Georgia to host national crackdown training on child prostitution

The national battle against child prostitution is coming to Georgia.

Georgia will serve as the location for a national child prostitution law enforcement training, the first time this training has been held outside of Virginia.

The National Center for Missing & Exploited Children chose Norcross because of the work that has already been done in the state to bring an end to what they consider an epidemic, said Ernie Allen, NCMEC president.

“Child trafficking doesn’t just happen on the other side of the world, it is happening right here in America,” said Allen. “This training is vital. It will enable us to rescue more children and represents an important step toward ending these insidious crimes.”

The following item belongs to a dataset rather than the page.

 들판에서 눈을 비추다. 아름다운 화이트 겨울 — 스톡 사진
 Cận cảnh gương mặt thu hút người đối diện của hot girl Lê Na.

The training, Protecting Victims of Child Prostitution, is scheduled for November 16-20, according to NCMEC. They are expecting 63 police, prosecutors and others from Georgia as well as California, Connecticut, Florida, Louisiana, Ohio, Maine, Massachusetts and Canada. Forty one of the 64 participants will be from Georgia, said Kaffie McCullough, executive director of "A Future. Not A Past".

Georgia’s Juvenile Justice Fund is hosting the training and AFNAP is providing all of the logistical support for the conference.

NCMEC estimates that at least 100,000 children each year become victims of child prostitution in the United States. In Georgia, the Governor’s Office for Children and Families believe anywhere between 200 to 350 girls are prostituted each month.

Highlights of the training include an overview of the violence children encounter when subjected to child prostitution, investigative techniques, information on how to interview victims of child prostitution, how to prevent child victimization and resources that are available to law enforcement, said the NCMEC.

Some preventive measures include knowing what signs to look for including long unexplained absences by the child and the possession of gifts of unexplained origin.